Saturday, January 2, 2010

You See Bones, I See an Army (cont,)

This segment of Floyd McClung's book is on Team Leadership:

Each person needs opportunity and encouragement to serve side by side with their gifts and passions.  Just how does diversity on a team glorify God?  There is a unique honor God receives from a team of people who subordinate their individual personalities to work through his or her differences and fears.  The glory God receives from a team learning to work in such a way is much greater than that which comes from one-person leadership models.  Each team member has to accept the invitation to go to the Cross with each new challenge the team faces.  Dying to one's rights, preferences, mistrust, and old ways of relating is the price to pay for team unity.

Harnessing the gifts and callings of a group of strong-willed, gifted, and opinionated leaders takes a major work of grace on the part of each member of the team.  It can be done, but not without the leader getting involved in each of the team members' lives, spouses included.  It takes years of sacrifice, humility, and continued growth on the part of each member of the team for it to work.

Team members who are not open with one another about their fears, their hurts, and their sinful tendencies make it impossible to build a foundation of trust.  Patrick Lencioni, in his brilliant book The Five Dysfunctions of a Team, defines trust as "believing other members of the team have my well being in mind."  Trust means I want people to help me by speaking into my area of ministry, my personal performance, and the deep places of my heart.

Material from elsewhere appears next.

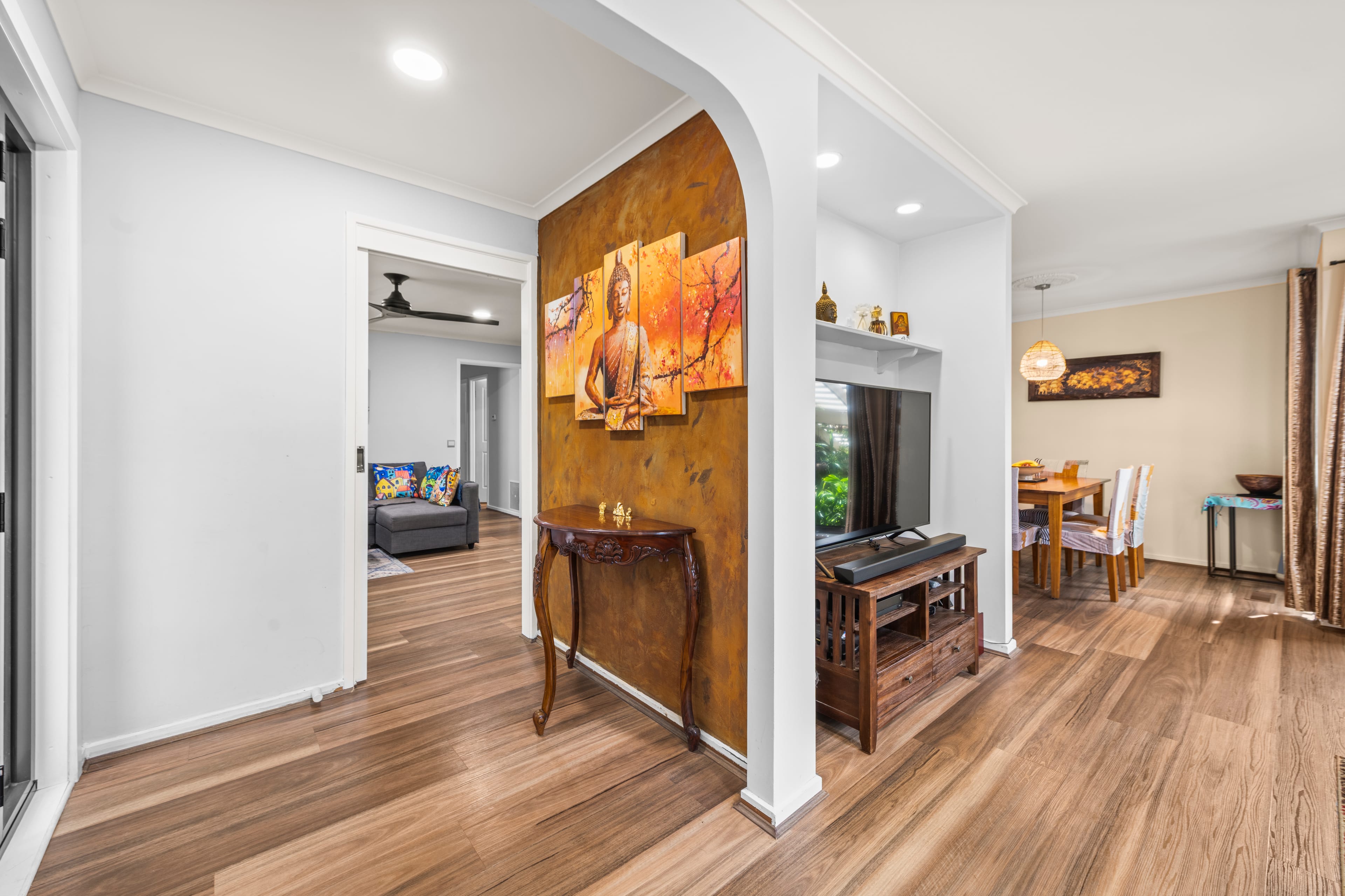 11 Agora Boulevard, Ferntree Gully — listing photograph 9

Failure to build trust in a team is damaging because it hinders healthy debate, resulting in little or no heartfelt commitment to decisions, avoidance of mutual accountability, and getting sidetracked from our mission.  Without trust a team cannot be a team, certainly not a team that reflects the love that exists between the Father, Son, and Holy Spirit.  A team without trust and mutual submission cannot experience the oneness of spirit and purpose that God intends them to have.  ...team ministry is almost impossible where the team leader is not a father to hose on the team.

The funny thing is I was going to comment and in the process refer to Patrick Lencioni's book, but Floyd did it for me.  I highly recommend this book to anyone who works with others, either in a secular or spiritual environment. 

There is so much truth in these paragraphs.   I've been on great teams who worked together, as well as potentially great teams that totally missed the mark.  Patrick's quote, "believing other members of the team have my well being in mind", is called charitable assumption.  I've been guilty of bringing baggage into teams where I thought there was no charitable assumption.  I just automatically thought people didn't like me for whatever reason because in my past people have make judgments against me for no reason.  This in itself caused people to not treat me authentically because I didn't have an authentic view of myself and projected that.  If someone isn't being who they really are, they are cheating themselves.  I much prefer being around people who are honest about who they are, good, bad, and ugly.  Most believers will naturally treat others with charitable assumption.  Those that don't need to be taught.

Have a blessed, overcast Saturday.

1 comment:

Joanne Reese said...

Great post, Sandy. Authenticity can at times involve a great amount of risk, but nothing is worse than pretending.